| Exercise description |
As output, give the exact lines from the one containing "visualization hadoop big" through the end of the listing below, both included, without the pictures.

| Supplied entries |
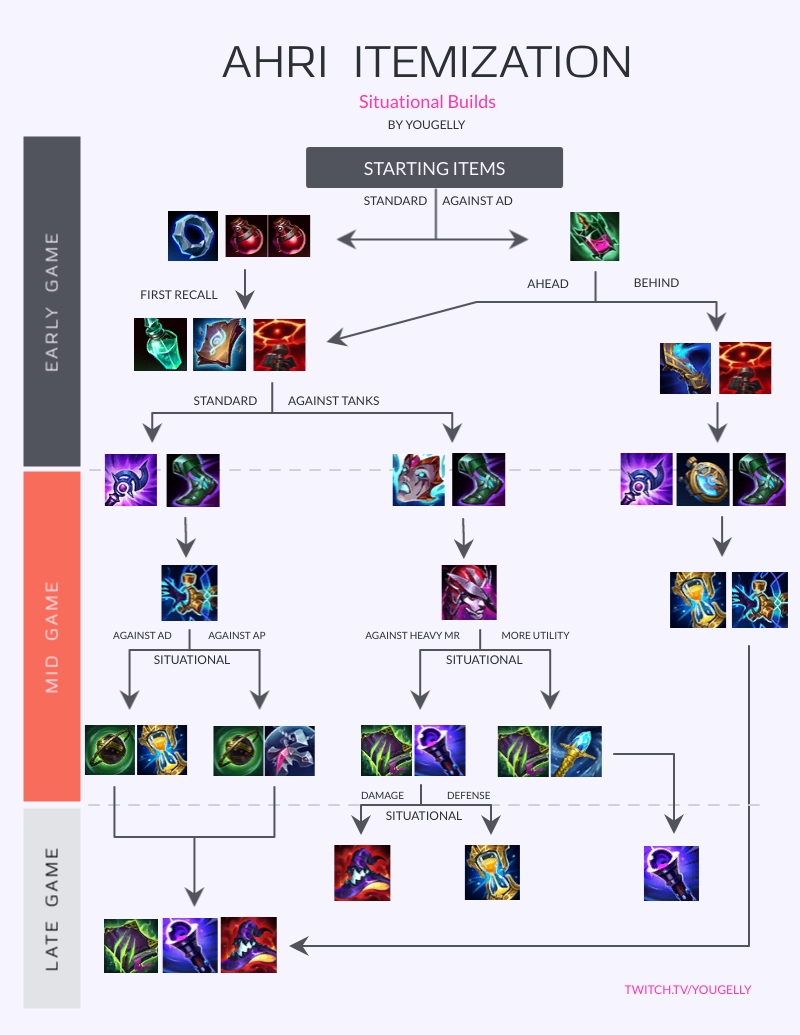 Simple chart for Ahri items in S11 r/AhriMains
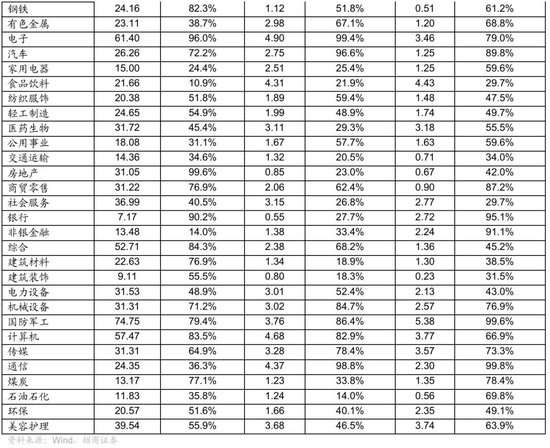 招商策略：近期宏观流动性数据有哪些改善？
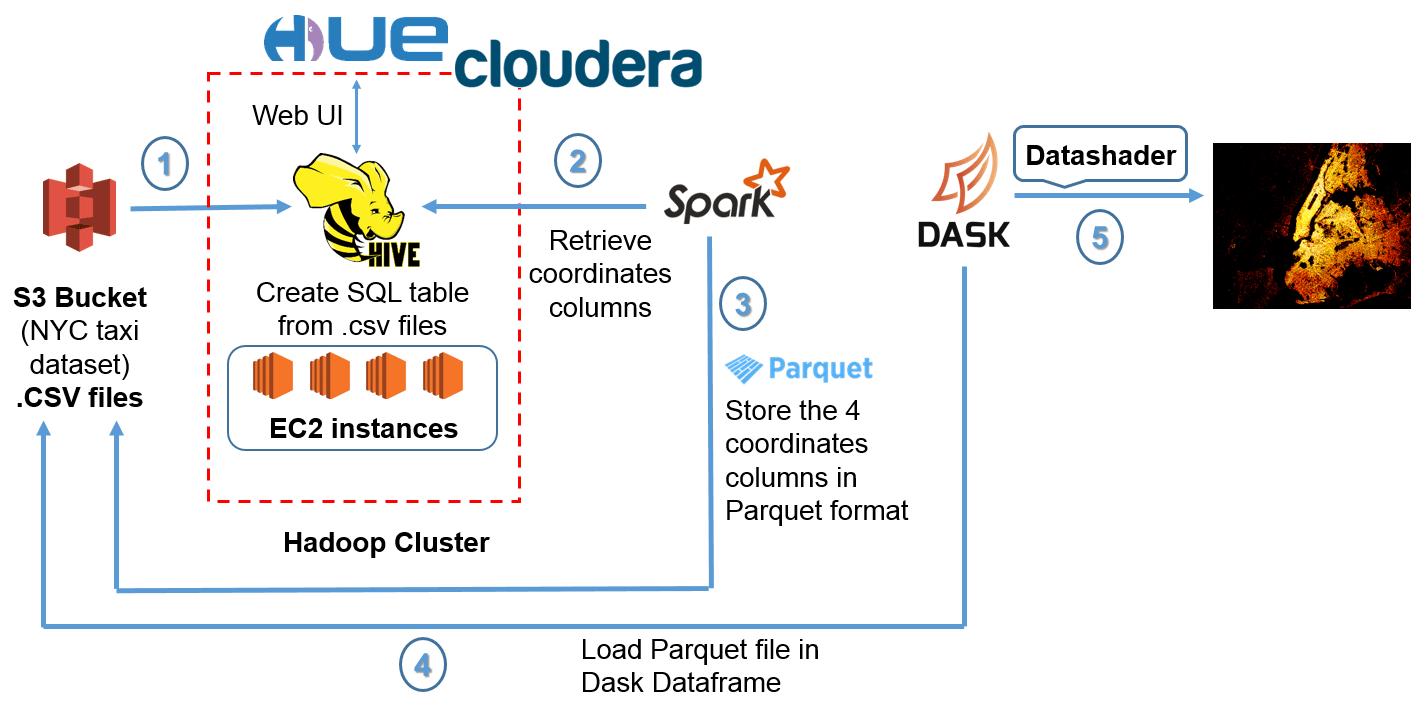 visualization hadoop big data dataset spark pyspark cloudera aws ec2 hive s3 python dask datashader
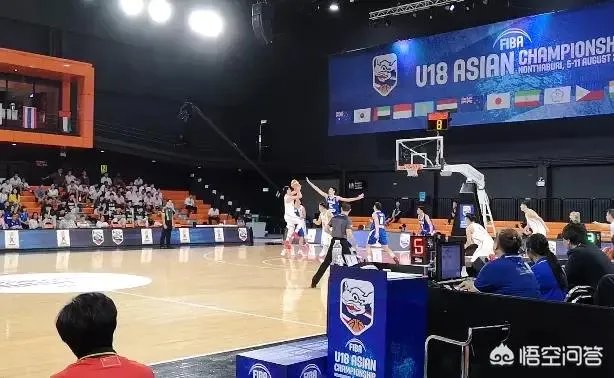 8月7日U18男篮亚洲杯中国队63-73不敌菲律宾队，怎样评价中国年轻球员的表现？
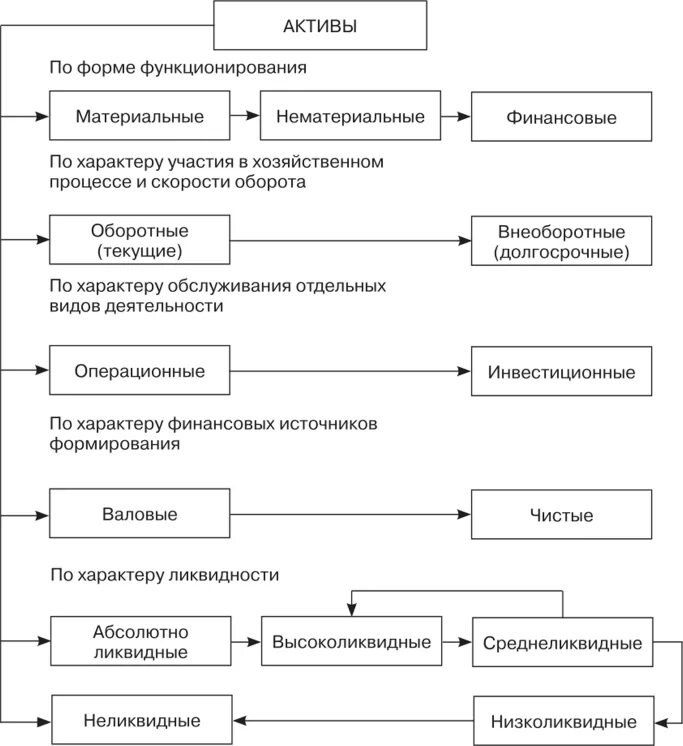 Типы активов. Виды материальных активов предприятия. Состав материальных активов. Материальные Активы примеры. Материальные и нематериальные Активы организации.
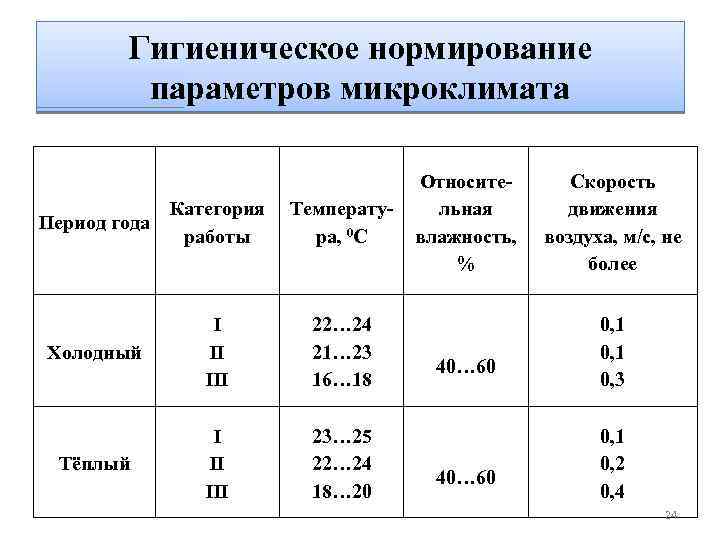 Микроклимат производственной среды параметры микроклимата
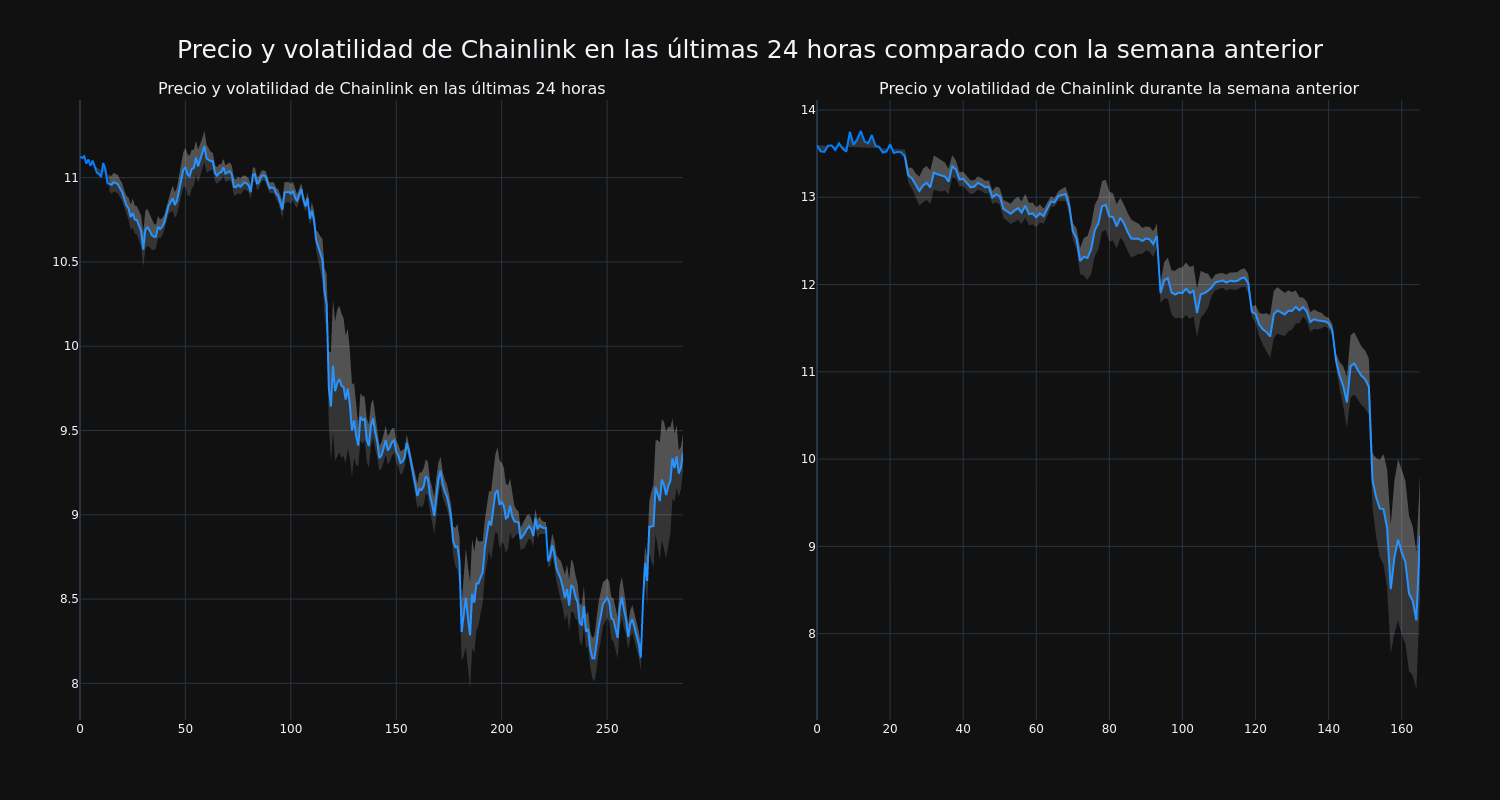 price_chart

| Result |
 visualization hadoop big data dataset spark pyspark cloudera aws ec2 hive s3 python dask datashader
 8月7日U18男篮亚洲杯中国队63-73不敌菲律宾队，怎样评价中国年轻球员的表现？
 Типы активов. Виды материальных активов предприятия. Состав материальных активов. Материальные Активы примеры. Материальные и нематериальные Активы организации.
 Микроклимат производственной среды параметры микроклимата
 price_chart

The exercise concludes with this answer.